Al momento de ver películas, hay una expresión que a mí siempre me ha atraído, sobre todo por la libertad de creación por la que parece abogar: «cine independiente de Estados Unidos». Lo malo es que muchas —la gran mayoría— de las películas que se presentan bajo este rótulo son tan complacientes con el público y con la institución cinematográfica y cultural, que hasta parecen hechas para ser premiadas y, por tanto, legitimadas por el mismo campo que pretende estar cuestionando. El director Shane Carruth conoce estas carencias y complacencias que la mayoría de las veces ofrece el cine independiente norteamericano. Por esa razón, su película Upstream color (2013) busca —y lo logra— ser tan ruptural y desestabilizante como sea posible. El filme se apoya sobre unas imágenes sueltas, sin conexión aparente, que van hilvanando una historia tan intrincada y fragmentaria que, en principio, parece no estarse contando nada en absoluto.
La narración resulta tan compleja y tan difícil de penetrar que un crítico, o no sé si un bromista, dijo que explicar el argumento de la película era un ejercicio de «cómica futilidad», y tiene razón. Comienza con un hombre que, sirviéndose de ciertas plantas y alguna rara especie de gusano, confecciona una suerte de droga que más tarde será administrada a la protagonista, Chris, con el fin de robarla sin que esta caiga realmente en cuenta de lo que está sucediendo. Los procedimientos que sigue el perpetrador del crimen para lograr esto último nunca quedan del todo claros —hay algo que tiene que ver con la novela Walden (1854) de H. D. Thoreau, algo con el agua, algo con unas cadenas de papel—. Sólo sabemos que en algún punto el gusano, extraído por medio de una suerte de resucitación a través de una rara transfusión que incluye el cuerpo de la mujer y un cerdo (¿ahora ven por qué lo de cómica futilidad?), ya está fuera de su sistema, pero ella queda sin un solo céntimo en su cuenta bancaria, sin trabajo por las sucesivas faltas injustificadas y sin el más mínimo recuerdo de lo que le ha sucedido. Un año más tarde —aunque tampoco queda del todo claro el tiempo que transcurre— conoce a un hombre con quien tiene una extraña conexión casi metafísica, como si tuviera la certeza absoluta de conocerlo desde siempre —o eso parece insinuar la narración. La relación amorosa que se desarrolla entre ambos es, como no podía ser de otra manera, inusual, y es contada de una manera tan alejada de la convención, que poco es lo que se puede extraer de ello, aunque parece darse a entender que el hombre sufrió la misma experiencia que ella, incluso cuando ninguno de los dos recuerde con exactitud lo que les ha pasado.

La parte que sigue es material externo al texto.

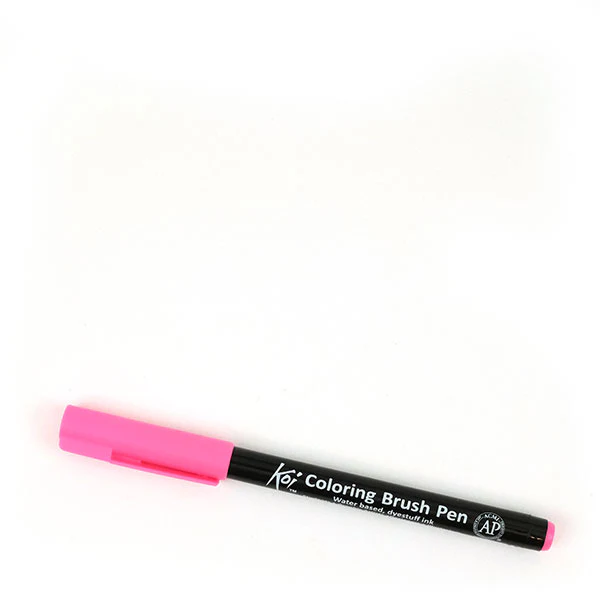 Koi Coloring Brush Pens - Image 7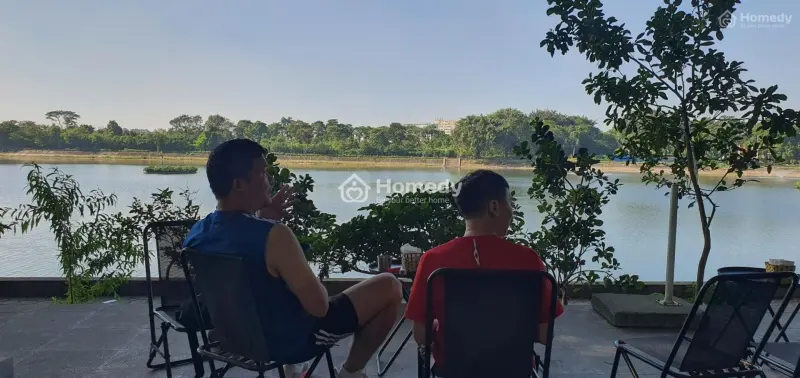 Bán Biệt Thự Kđt Bán Đảo Linh Đàm , Dt 300 M2, Lô Góc, Mặt Phố, Kd!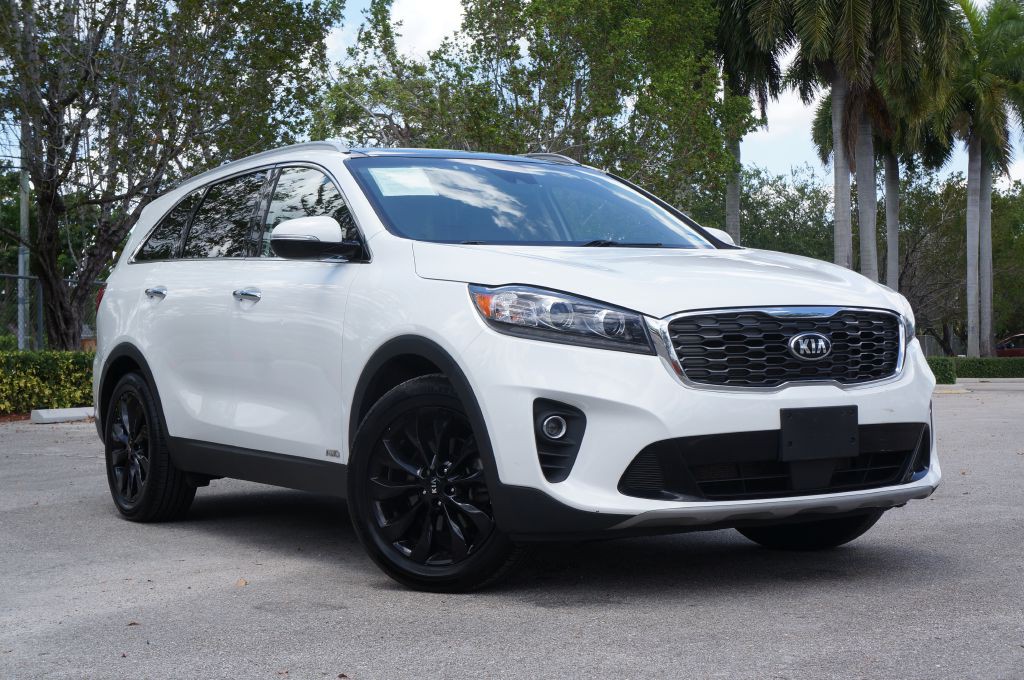 2020 Kia Sorento Image 4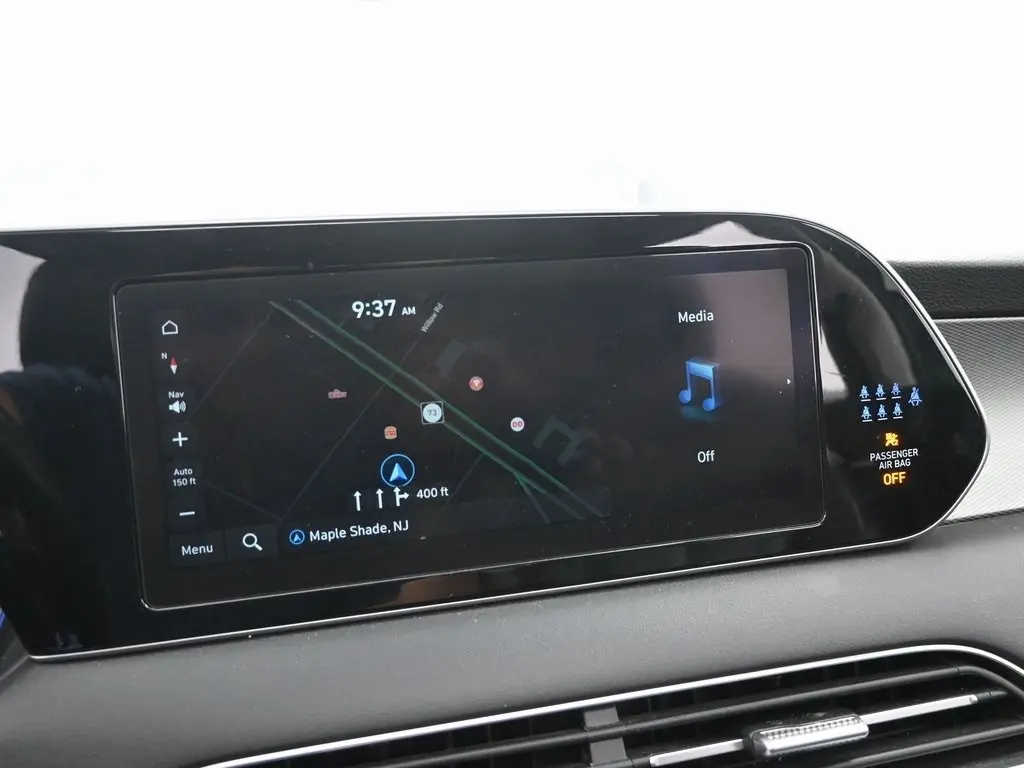 2022 Hyundai Palisade SEL photo 18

Después de haber triunfado en el festival de Sundance con su película Primer (2004), Shane Carruth vuelve a dejar anonadado a la crítica y al público con Upstream color. Esta vez no sólo desafía las leyes (que no son tales) de la narración —eludiendo el diálogo en muchas partes, agrupando elementos poco usuales en una sola secuencia, cortando las escenas un poco antes de lo que un director (más) convencional lo haría, conjugando muchas imágenes en una sola—, sino que plantea la pregunta incontestable de cuánto conocemos realmente de las personas que integran nuestra vida y, mucho más importante aún, cuánto conocemos de nosotros mismos, hasta qué punto cada etapa de nuestra existencia no significa un nuevo comienzo, como si todo lo anterior no existiera o como si el pasado fuera sólo una película mal filmada de la que no tenemos sino pequeños fragmentos. Incluso el filme se atreve a preguntarse si la vida de cada uno de nosotros nos pertenece enteramente, o si más bien los recuerdos que conforman nuestra existencia son escenas robadas o copiadas de la vida de otro o de otros. Sea como sea, Upstream color ciertamente representa un reto para el espectador; aquel horizonte de expectativas del que, en algún momento, habló un teórico de la literatura, se ve revuelto, mutilado y destrozado. El sentido se va diluyendo, dilatando, huyendo. Y sin embargo, no puedes apartar la vista de la pantalla.